#### WORK REQUIRED
Transcribe, word for word and without additions, each line below from the one containing "Women Alice and" through the one containing "PAIR OF HUMMEL", both ends included.

# # # #

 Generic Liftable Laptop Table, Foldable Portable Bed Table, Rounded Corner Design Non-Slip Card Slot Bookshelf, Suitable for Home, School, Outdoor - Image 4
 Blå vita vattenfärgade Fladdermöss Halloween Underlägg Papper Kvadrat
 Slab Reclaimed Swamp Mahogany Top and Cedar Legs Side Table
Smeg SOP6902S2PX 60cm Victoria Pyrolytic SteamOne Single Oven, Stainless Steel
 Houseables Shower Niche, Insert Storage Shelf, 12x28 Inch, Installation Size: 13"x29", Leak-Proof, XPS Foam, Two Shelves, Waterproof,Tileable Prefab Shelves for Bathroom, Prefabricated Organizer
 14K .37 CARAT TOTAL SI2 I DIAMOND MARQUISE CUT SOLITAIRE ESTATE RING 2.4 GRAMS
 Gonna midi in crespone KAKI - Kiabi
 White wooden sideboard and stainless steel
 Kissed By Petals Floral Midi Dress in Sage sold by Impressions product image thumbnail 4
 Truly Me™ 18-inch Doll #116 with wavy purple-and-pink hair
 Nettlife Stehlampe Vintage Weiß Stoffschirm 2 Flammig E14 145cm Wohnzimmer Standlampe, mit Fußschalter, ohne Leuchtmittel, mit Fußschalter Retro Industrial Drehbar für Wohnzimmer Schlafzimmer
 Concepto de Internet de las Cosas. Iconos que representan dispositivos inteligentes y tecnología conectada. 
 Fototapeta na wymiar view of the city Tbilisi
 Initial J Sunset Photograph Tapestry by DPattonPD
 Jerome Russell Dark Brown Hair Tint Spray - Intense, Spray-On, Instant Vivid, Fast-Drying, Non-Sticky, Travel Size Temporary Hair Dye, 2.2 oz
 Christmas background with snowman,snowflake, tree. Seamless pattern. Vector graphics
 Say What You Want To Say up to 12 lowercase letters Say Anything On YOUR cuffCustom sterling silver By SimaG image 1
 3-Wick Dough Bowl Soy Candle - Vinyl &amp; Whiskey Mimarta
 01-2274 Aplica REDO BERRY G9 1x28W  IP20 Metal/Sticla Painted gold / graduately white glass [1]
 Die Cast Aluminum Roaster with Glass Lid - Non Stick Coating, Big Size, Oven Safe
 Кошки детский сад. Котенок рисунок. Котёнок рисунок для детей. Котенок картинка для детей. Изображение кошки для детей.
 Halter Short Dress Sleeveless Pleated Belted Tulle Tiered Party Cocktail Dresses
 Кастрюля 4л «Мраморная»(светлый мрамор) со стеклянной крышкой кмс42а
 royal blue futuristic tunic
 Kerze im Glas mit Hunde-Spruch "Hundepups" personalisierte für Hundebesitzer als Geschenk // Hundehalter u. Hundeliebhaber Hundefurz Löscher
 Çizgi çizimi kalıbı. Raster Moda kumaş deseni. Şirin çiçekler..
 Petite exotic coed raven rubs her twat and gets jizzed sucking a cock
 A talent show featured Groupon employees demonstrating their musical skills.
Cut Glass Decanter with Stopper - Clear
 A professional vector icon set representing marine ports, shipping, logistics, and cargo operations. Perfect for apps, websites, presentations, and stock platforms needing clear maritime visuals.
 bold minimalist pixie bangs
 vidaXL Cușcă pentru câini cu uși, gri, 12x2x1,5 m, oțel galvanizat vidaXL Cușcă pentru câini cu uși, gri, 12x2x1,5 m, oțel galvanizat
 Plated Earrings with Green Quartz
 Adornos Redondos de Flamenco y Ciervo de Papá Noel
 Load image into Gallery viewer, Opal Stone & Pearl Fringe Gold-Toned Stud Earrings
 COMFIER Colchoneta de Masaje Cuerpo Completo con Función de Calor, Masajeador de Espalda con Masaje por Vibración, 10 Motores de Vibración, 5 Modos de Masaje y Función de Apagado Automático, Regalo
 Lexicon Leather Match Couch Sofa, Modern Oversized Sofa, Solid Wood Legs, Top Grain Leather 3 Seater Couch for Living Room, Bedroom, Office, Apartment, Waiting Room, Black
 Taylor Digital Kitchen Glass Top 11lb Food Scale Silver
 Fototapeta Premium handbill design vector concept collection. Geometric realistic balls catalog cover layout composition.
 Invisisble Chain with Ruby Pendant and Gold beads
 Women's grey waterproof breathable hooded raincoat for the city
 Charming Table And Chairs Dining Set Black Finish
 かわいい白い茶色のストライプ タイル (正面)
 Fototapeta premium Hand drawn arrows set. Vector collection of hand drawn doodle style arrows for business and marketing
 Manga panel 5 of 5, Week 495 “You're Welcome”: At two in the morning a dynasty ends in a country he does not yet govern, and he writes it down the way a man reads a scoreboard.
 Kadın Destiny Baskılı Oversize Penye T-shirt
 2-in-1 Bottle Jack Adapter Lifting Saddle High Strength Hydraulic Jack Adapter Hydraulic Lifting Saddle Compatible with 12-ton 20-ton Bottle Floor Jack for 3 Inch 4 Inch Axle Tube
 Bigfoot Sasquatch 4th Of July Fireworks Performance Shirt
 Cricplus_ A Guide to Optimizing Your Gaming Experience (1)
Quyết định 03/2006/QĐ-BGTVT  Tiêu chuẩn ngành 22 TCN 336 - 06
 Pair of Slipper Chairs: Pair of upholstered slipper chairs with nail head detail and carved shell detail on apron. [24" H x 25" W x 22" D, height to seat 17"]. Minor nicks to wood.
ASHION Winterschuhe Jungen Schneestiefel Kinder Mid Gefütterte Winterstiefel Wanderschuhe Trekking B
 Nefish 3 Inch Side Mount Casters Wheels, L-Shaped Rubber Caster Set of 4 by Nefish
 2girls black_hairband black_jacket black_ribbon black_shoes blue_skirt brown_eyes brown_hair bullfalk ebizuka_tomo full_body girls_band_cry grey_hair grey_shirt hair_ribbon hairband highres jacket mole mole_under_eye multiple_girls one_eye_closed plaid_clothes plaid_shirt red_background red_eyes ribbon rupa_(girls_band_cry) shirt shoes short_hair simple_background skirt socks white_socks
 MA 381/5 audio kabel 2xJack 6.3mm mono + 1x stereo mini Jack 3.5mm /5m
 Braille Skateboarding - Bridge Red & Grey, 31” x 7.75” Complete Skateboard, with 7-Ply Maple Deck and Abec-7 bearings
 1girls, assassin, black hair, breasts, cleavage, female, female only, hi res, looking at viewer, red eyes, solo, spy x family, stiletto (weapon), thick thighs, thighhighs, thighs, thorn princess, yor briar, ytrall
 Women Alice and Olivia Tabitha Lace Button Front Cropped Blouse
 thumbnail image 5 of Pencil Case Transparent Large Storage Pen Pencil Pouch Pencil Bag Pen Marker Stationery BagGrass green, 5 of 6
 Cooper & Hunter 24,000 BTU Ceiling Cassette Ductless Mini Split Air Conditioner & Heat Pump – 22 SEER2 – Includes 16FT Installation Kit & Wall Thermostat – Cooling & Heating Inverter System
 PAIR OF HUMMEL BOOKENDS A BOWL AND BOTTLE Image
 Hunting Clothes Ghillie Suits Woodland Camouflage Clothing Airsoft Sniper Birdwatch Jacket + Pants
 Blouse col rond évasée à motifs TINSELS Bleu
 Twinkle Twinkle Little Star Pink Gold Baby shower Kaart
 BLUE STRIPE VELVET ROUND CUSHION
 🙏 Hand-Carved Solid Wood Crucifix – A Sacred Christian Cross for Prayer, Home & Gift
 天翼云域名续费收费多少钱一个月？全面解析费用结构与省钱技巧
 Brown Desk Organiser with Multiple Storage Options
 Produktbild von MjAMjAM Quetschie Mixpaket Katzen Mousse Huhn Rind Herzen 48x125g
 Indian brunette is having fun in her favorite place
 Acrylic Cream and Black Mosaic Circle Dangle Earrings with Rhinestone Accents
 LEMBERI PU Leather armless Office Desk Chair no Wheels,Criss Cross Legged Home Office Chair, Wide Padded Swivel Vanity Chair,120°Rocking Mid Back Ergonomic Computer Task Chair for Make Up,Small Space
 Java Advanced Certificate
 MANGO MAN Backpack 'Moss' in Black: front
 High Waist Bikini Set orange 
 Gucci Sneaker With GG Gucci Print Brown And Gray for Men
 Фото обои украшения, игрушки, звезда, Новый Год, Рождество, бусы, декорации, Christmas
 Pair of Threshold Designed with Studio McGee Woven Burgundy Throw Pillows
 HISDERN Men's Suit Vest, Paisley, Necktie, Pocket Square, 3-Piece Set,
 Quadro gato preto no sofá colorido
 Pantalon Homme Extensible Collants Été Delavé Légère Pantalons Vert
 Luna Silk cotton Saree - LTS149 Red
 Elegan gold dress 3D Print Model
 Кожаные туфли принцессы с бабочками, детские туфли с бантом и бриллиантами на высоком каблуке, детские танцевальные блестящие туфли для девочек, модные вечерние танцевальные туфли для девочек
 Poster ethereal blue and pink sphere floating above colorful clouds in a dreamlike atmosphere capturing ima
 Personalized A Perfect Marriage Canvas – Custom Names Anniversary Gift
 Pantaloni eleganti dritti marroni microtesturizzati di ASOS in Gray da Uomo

# # # #

#### EXPECTED ANSWER
 Women Alice and Olivia Tabitha Lace Button Front Cropped Blouse
 thumbnail image 5 of Pencil Case Transparent Large Storage Pen Pencil Pouch Pencil Bag Pen Marker Stationery BagGrass green, 5 of 6
 Cooper & Hunter 24,000 BTU Ceiling Cassette Ductless Mini Split Air Conditioner & Heat Pump – 22 SEER2 – Includes 16FT Installation Kit & Wall Thermostat – Cooling & Heating Inverter System
 PAIR OF HUMMEL BOOKENDS A BOWL AND BOTTLE Image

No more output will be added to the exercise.